(PROMPT): Retype all of the data that follows, line for line.

#### WORKING DATA

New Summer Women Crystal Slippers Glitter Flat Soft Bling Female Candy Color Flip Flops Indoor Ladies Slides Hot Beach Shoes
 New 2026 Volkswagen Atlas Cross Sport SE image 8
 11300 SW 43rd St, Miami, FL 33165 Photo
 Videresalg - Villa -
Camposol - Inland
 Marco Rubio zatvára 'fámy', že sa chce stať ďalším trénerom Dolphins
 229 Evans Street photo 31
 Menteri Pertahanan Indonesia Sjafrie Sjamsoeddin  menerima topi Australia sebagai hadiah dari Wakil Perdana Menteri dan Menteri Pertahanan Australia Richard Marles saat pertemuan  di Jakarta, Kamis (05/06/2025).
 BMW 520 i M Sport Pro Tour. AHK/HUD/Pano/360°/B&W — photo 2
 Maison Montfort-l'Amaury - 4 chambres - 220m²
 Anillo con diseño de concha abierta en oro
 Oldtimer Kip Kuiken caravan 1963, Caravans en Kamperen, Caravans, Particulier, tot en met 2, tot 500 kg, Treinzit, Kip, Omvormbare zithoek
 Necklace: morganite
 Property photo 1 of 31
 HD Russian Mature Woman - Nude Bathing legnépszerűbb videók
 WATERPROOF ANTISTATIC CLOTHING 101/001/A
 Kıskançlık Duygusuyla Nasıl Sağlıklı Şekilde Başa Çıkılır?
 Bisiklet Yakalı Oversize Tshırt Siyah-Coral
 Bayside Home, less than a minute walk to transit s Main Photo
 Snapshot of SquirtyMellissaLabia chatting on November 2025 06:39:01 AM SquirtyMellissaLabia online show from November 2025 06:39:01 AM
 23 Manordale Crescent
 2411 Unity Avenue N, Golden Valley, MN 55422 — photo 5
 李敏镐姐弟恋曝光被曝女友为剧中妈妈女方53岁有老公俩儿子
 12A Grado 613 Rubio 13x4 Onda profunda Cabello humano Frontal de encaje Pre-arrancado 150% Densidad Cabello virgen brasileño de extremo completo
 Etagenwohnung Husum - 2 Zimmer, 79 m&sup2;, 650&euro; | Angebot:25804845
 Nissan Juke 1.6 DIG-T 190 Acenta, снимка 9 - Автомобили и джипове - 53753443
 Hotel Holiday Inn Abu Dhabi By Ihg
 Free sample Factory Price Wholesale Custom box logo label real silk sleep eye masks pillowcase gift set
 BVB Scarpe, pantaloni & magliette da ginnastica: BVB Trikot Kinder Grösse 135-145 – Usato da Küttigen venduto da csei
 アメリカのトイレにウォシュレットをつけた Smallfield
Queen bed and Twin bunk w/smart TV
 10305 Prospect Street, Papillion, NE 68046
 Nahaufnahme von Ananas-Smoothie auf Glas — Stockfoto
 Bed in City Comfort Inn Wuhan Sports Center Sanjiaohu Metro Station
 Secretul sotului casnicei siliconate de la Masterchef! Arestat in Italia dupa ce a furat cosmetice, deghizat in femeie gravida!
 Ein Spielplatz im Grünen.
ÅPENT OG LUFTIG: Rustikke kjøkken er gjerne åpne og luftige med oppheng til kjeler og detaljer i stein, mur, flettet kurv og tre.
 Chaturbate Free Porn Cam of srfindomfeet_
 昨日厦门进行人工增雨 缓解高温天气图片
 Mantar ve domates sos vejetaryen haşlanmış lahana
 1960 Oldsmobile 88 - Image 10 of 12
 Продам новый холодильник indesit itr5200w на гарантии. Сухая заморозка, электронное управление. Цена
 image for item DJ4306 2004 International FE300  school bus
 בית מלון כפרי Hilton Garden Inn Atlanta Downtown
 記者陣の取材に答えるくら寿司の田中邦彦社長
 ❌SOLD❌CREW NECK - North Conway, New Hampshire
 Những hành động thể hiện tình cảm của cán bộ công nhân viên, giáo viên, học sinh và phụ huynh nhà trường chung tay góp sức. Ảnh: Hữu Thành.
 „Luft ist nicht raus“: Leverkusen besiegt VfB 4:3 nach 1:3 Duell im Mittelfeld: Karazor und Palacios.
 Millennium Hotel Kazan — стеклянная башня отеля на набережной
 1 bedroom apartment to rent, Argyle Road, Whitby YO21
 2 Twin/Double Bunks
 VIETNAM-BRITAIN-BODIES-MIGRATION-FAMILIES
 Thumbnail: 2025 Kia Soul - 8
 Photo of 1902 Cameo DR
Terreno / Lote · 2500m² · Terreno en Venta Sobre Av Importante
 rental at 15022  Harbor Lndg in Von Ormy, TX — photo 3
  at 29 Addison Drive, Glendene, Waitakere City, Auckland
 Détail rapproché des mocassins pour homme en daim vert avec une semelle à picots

########

(RESULT FOR THIS TASK):
New Summer Women Crystal Slippers Glitter Flat Soft Bling Female Candy Color Flip Flops Indoor Ladies Slides Hot Beach Shoes
 New 2026 Volkswagen Atlas Cross Sport SE image 8
 11300 SW 43rd St, Miami, FL 33165 Photo
 Videresalg - Villa -
Camposol - Inland
 Marco Rubio zatvára 'fámy', že sa chce stať ďalším trénerom Dolphins
 229 Evans Street photo 31
 Menteri Pertahanan Indonesia Sjafrie Sjamsoeddin  menerima topi Australia sebagai hadiah dari Wakil Perdana Menteri dan Menteri Pertahanan Australia Richard Marles saat pertemuan  di Jakarta, Kamis (05/06/2025).
 BMW 520 i M Sport Pro Tour. AHK/HUD/Pano/360°/B&W — photo 2
 Maison Montfort-l'Amaury - 4 chambres - 220m²
 Anillo con diseño de concha abierta en oro
 Oldtimer Kip Kuiken caravan 1963, Caravans en Kamperen, Caravans, Particulier, tot en met 2, tot 500 kg, Treinzit, Kip, Omvormbare zithoek
 Necklace: morganite
 Property photo 1 of 31
 HD Russian Mature Woman - Nude Bathing legnépszerűbb videók
 WATERPROOF ANTISTATIC CLOTHING 101/001/A
 Kıskançlık Duygusuyla Nasıl Sağlıklı Şekilde Başa Çıkılır?
 Bisiklet Yakalı Oversize Tshırt Siyah-Coral
 Bayside Home, less than a minute walk to transit s Main Photo
 Snapshot of SquirtyMellissaLabia chatting on November 2025 06:39:01 AM SquirtyMellissaLabia online show from November 2025 06:39:01 AM
 23 Manordale Crescent
 2411 Unity Avenue N, Golden Valley, MN 55422 — photo 5
 李敏镐姐弟恋曝光被曝女友为剧中妈妈女方53岁有老公俩儿子
 12A Grado 613 Rubio 13x4 Onda profunda Cabello humano Frontal de encaje Pre-arrancado 150% Densidad Cabello virgen brasileño de extremo completo
 Etagenwohnung Husum - 2 Zimmer, 79 m&sup2;, 650&euro; | Angebot:25804845
 Nissan Juke 1.6 DIG-T 190 Acenta, снимка 9 - Автомобили и джипове - 53753443
 Hotel Holiday Inn Abu Dhabi By Ihg
 Free sample Factory Price Wholesale Custom box logo label real silk sleep eye masks pillowcase gift set
 BVB Scarpe, pantaloni & magliette da ginnastica: BVB Trikot Kinder Grösse 135-145 – Usato da Küttigen venduto da csei
 アメリカのトイレにウォシュレットをつけた Smallfield
Queen bed and Twin bunk w/smart TV
 10305 Prospect Street, Papillion, NE 68046
 Nahaufnahme von Ananas-Smoothie auf Glas — Stockfoto
 Bed in City Comfort Inn Wuhan Sports Center Sanjiaohu Metro Station
 Secretul sotului casnicei siliconate de la Masterchef! Arestat in Italia dupa ce a furat cosmetice, deghizat in femeie gravida!
 Ein Spielplatz im Grünen.
ÅPENT OG LUFTIG: Rustikke kjøkken er gjerne åpne og luftige med oppheng til kjeler og detaljer i stein, mur, flettet kurv og tre.
 Chaturbate Free Porn Cam of srfindomfeet_
 昨日厦门进行人工增雨 缓解高温天气图片
 Mantar ve domates sos vejetaryen haşlanmış lahana
 1960 Oldsmobile 88 - Image 10 of 12
 Продам новый холодильник indesit itr5200w на гарантии. Сухая заморозка, электронное управление. Цена
 image for item DJ4306 2004 International FE300  school bus
 בית מלון כפרי Hilton Garden Inn Atlanta Downtown
 記者陣の取材に答えるくら寿司の田中邦彦社長
 ❌SOLD❌CREW NECK - North Conway, New Hampshire
 Những hành động thể hiện tình cảm của cán bộ công nhân viên, giáo viên, học sinh và phụ huynh nhà trường chung tay góp sức. Ảnh: Hữu Thành.
 „Luft ist nicht raus“: Leverkusen besiegt VfB 4:3 nach 1:3 Duell im Mittelfeld: Karazor und Palacios.
 Millennium Hotel Kazan — стеклянная башня отеля на набережной
 1 bedroom apartment to rent, Argyle Road, Whitby YO21
 2 Twin/Double Bunks
 VIETNAM-BRITAIN-BODIES-MIGRATION-FAMILIES
 Thumbnail: 2025 Kia Soul - 8
 Photo of 1902 Cameo DR
Terreno / Lote · 2500m² · Terreno en Venta Sobre Av Importante
 rental at 15022  Harbor Lndg in Von Ormy, TX — photo 3
  at 29 Addison Drive, Glendene, Waitakere City, Auckland
 Détail rapproché des mocassins pour homme en daim vert avec une semelle à picots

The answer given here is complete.